Mr. Speaker, last May the auditor general tabled his report in this House. In that report he included a chapter regarding the family trusts which he believed should be brought to the attention of this House. With hindsight, I think he was absolutely correct in doing so.
Just today for example, the Minister of National Revenue in this House not even an hour ago said that the report by the finance committee on the issue would "ameliorate the deficiencies in her department".
The report by the finance committee was based on the referral of the family trust issue to the committee. The mandate given by the Minister of Finance was not to pass judgment on the work of the auditor general but to look into the matter regarding the taxation of family trusts.
I find it disconcerting that the finance committee would take the mandate that was given to it and go beyond that mandate and pass judgment and comment on the work of the auditor general who is an officer of this House, not an officer of the committee.
If I may quote from the finance committee report, on page 6 it states: "Revenue Canada and the Department of Finance could have more fully documented the decision making process that led to the rulings". That has to be one of the great understatements of this Parliament.

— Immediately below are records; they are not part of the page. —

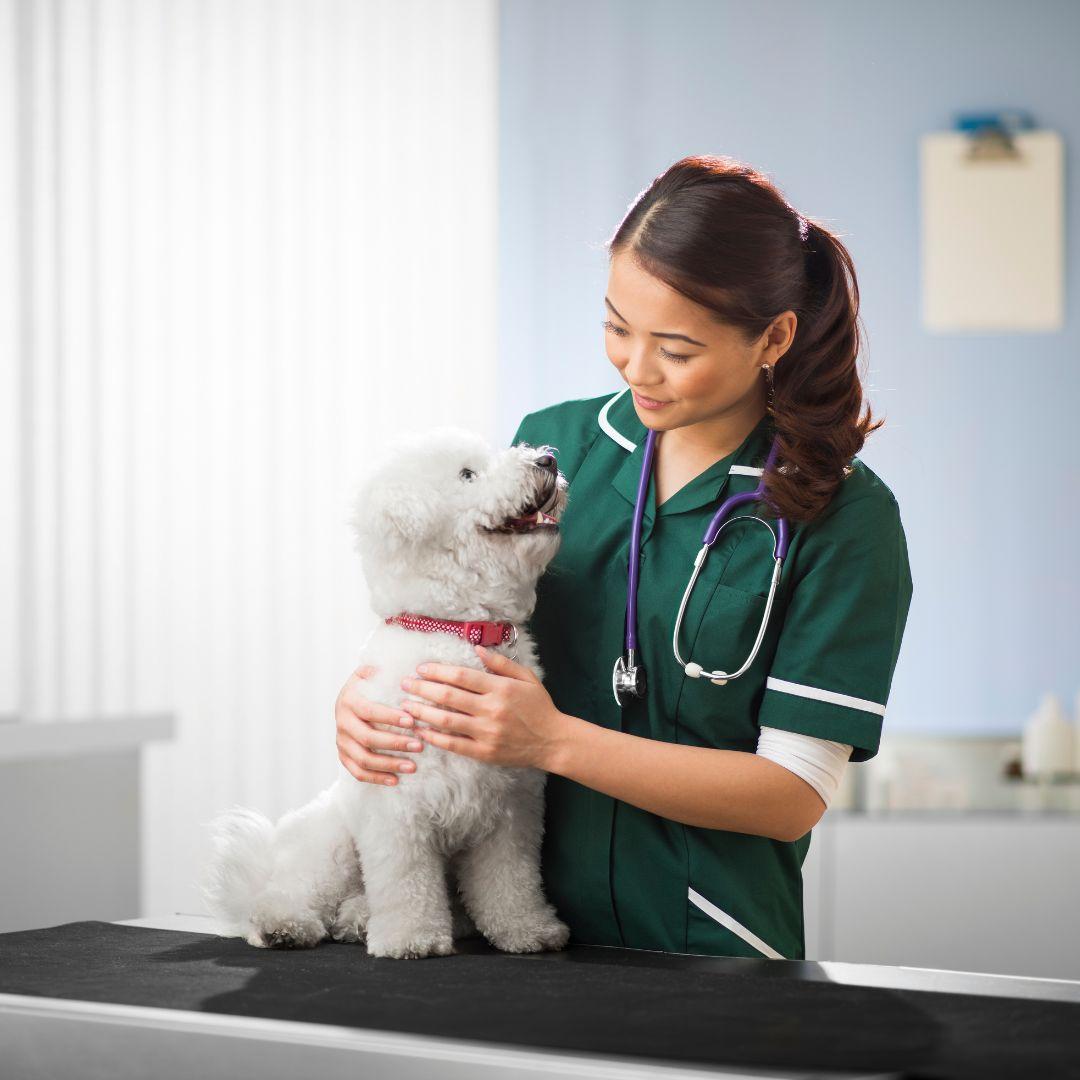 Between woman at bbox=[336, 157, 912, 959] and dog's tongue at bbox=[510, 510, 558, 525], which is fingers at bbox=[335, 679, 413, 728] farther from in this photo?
dog's tongue at bbox=[510, 510, 558, 525]

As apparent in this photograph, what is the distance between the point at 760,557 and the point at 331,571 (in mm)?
2204

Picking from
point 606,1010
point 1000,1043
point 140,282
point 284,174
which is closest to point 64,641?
point 140,282

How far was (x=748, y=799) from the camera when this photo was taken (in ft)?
4.40

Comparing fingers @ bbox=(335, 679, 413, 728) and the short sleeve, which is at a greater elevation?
the short sleeve

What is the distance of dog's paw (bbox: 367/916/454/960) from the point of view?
129 centimetres

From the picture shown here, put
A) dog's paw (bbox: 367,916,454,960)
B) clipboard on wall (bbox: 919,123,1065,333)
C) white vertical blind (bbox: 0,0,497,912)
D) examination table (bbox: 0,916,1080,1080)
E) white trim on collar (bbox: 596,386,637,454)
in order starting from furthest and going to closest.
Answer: white vertical blind (bbox: 0,0,497,912)
clipboard on wall (bbox: 919,123,1065,333)
white trim on collar (bbox: 596,386,637,454)
dog's paw (bbox: 367,916,454,960)
examination table (bbox: 0,916,1080,1080)

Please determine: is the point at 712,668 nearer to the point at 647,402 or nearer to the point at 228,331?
the point at 647,402

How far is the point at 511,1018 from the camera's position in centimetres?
100

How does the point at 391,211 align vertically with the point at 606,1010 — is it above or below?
above

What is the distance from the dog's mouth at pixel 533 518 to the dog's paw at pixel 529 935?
41 cm

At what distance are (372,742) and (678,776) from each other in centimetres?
31

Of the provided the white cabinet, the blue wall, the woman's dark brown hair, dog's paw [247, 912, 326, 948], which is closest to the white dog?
dog's paw [247, 912, 326, 948]

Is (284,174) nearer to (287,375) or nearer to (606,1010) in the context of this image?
(287,375)

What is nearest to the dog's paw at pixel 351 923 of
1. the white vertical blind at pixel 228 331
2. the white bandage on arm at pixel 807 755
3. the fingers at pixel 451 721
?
the fingers at pixel 451 721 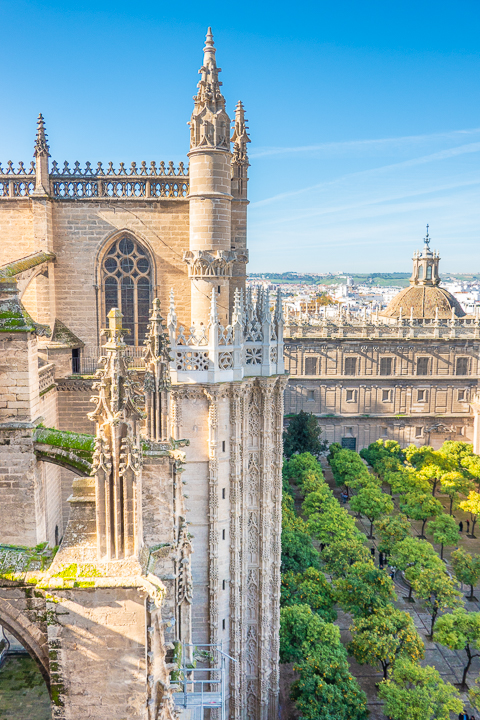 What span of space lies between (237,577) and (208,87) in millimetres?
16633

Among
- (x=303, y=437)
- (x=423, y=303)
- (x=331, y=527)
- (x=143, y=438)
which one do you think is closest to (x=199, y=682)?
(x=143, y=438)

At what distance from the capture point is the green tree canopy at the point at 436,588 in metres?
25.7

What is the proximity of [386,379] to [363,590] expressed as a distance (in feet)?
112

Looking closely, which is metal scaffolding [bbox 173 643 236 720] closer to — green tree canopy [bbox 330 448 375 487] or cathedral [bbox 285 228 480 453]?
green tree canopy [bbox 330 448 375 487]

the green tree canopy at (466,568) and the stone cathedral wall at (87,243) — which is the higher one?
the stone cathedral wall at (87,243)

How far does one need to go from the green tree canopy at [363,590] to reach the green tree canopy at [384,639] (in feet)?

Let me give a quick synopsis of the documentation as the auditor general found it. On December 3, 1991, Revenue Canada advised the Department of Finance of the proposed transactions and that it intended to refuse to grant a favourable ruling.

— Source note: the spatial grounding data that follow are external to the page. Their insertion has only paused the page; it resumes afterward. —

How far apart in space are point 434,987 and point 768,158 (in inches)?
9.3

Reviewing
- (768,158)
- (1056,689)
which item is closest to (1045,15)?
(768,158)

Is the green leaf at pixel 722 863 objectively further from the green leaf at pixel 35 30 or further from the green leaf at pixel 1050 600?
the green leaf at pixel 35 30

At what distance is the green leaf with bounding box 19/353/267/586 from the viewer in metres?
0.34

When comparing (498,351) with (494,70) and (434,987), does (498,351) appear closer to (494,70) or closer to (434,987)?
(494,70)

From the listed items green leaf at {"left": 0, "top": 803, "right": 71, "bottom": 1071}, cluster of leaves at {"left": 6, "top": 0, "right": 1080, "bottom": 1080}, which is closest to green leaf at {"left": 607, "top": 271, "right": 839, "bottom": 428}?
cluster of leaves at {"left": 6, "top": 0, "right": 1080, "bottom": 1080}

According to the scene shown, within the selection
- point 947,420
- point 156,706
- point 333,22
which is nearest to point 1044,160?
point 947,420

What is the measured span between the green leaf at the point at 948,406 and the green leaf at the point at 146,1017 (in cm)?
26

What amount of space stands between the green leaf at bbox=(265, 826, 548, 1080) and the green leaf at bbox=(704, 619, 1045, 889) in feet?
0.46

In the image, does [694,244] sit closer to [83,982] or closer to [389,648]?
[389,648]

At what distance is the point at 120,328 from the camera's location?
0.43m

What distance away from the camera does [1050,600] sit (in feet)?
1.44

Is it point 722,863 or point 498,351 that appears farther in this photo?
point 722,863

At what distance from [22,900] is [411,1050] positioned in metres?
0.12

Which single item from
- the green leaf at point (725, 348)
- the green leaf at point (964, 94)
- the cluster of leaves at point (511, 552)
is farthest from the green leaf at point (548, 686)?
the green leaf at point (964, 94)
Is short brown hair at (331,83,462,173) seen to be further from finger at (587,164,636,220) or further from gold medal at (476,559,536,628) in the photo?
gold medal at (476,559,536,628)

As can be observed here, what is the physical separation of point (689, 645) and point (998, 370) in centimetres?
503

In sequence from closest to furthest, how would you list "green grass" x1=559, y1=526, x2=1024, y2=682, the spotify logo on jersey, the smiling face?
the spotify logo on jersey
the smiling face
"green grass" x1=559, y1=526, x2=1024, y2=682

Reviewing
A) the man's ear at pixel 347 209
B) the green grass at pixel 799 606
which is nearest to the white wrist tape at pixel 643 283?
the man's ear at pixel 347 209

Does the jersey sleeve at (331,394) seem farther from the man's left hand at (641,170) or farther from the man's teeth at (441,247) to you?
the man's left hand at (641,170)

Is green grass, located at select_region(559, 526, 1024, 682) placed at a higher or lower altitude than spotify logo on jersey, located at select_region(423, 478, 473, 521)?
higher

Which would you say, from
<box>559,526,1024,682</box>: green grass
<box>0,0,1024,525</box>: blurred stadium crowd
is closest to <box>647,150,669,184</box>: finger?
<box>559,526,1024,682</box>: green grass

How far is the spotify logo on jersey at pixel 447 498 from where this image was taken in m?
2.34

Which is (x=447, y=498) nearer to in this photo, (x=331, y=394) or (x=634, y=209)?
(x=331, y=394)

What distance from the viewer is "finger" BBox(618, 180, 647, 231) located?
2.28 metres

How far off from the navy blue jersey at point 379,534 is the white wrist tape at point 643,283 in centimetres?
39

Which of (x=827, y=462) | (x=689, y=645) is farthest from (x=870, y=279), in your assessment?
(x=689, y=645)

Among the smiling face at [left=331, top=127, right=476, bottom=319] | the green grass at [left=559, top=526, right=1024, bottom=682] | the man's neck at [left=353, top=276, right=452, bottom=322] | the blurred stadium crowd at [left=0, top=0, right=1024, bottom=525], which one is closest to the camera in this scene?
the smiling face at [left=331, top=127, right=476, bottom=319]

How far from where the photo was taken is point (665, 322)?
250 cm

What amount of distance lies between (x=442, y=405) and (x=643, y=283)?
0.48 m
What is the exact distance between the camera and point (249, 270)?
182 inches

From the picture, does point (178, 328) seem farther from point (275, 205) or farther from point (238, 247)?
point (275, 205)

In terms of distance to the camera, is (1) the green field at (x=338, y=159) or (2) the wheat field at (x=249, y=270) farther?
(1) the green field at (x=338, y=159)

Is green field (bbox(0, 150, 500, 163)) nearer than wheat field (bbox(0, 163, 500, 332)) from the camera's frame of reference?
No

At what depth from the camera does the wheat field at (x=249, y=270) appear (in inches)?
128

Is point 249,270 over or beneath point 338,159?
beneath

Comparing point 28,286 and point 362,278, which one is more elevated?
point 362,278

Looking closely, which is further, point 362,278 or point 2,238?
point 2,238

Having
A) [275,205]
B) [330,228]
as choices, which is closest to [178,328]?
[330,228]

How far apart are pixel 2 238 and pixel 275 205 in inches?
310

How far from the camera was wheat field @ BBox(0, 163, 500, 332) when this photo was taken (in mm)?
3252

On December 12 Revenue Canada's rulings review committee decided that a favourable ruling should not be provided. On the same day, Revenue Canada advised finance that it would not rule and requested finance to leave the interpretation of the act to it.
On December 16 the taxpayers' representatives were advised that a favourable ruling would not be provided.

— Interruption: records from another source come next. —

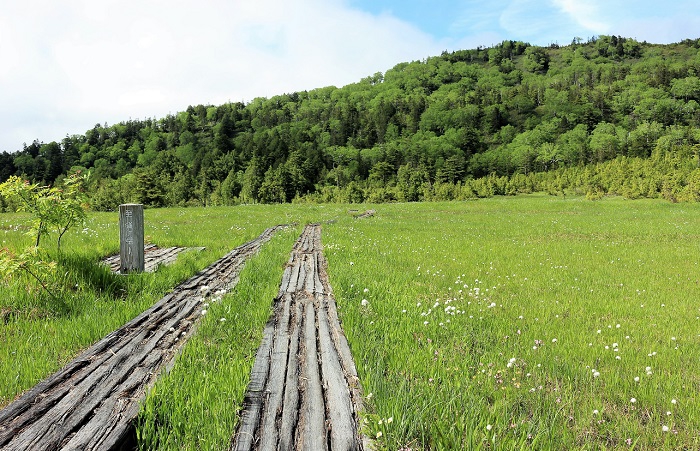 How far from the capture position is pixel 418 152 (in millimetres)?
140625

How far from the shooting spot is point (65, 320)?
5.34m

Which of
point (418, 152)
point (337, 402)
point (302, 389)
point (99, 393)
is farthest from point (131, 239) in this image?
point (418, 152)

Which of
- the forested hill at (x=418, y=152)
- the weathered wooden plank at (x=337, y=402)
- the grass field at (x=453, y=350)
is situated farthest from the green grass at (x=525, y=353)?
the forested hill at (x=418, y=152)

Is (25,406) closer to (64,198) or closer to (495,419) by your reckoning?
(495,419)

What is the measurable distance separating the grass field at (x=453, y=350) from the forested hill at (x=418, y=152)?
63.5 m

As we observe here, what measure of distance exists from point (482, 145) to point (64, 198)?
567 ft

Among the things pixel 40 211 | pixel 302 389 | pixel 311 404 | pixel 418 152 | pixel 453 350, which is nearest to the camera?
pixel 311 404

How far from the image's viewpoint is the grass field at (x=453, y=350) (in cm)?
299

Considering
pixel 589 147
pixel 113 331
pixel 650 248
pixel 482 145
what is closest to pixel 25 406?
pixel 113 331

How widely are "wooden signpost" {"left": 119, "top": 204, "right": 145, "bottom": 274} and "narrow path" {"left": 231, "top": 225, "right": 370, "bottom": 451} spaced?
15.2 ft

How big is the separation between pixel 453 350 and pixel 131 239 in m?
7.62

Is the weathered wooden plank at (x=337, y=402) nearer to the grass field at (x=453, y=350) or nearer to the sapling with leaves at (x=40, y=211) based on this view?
the grass field at (x=453, y=350)

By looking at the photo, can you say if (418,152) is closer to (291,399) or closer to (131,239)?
(131,239)

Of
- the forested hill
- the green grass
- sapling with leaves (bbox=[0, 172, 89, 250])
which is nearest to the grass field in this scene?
the green grass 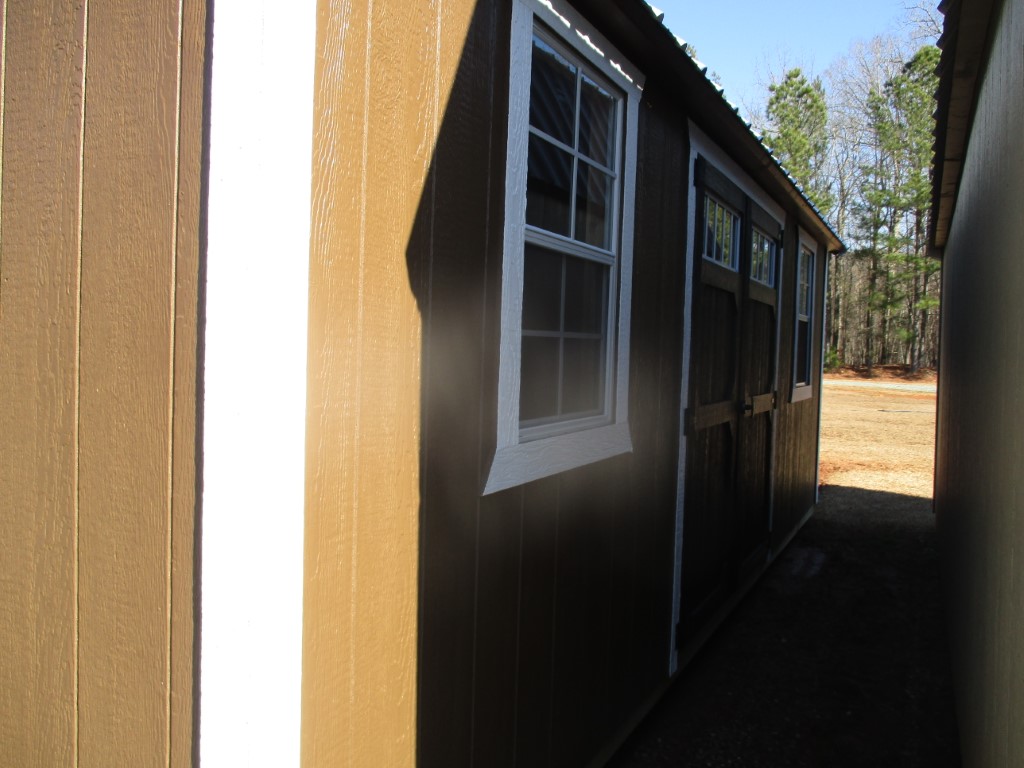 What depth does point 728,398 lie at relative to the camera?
195 inches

On December 18 Revenue Canada informed the taxpayers' representatives that it could not accept their offer of December 16, 1991.
On December 18, a memorandum was prepared for the assistant deputy minister of Revenue Canada advising the deputy minister that the department was unable to rule favourably.
On December 23 a revised memorandum is prepared for the deputy minister advising that the taxpayers' proposal is not acceptable.
That is a document of the transactions in this case.
On December 23, the very same day the memorandum was prepared saying that it was not acceptable, all records of all meetings ceased. Somehow later that day there was a complete and absolute turnaround in the decision making by the Department of National Revenue admittedly at the urging of the Department of Finance. The ruling was completely and absolutely reversed.
The point the auditor general brought to the attention of this House was that an issue of this magnitude affecting hundreds of millions of dollars of tax revenue, whether the ruling was right or wrong, the process by which they arrived at the decision that was ultimately communicated was absolutely and totally unjustified. There was no documentation whatsoever that the auditor general could find to support the favourable ruling. Every meeting that was documented from the time it was first received until the day a turnaround was done said they could not justify granting a favourable ruling.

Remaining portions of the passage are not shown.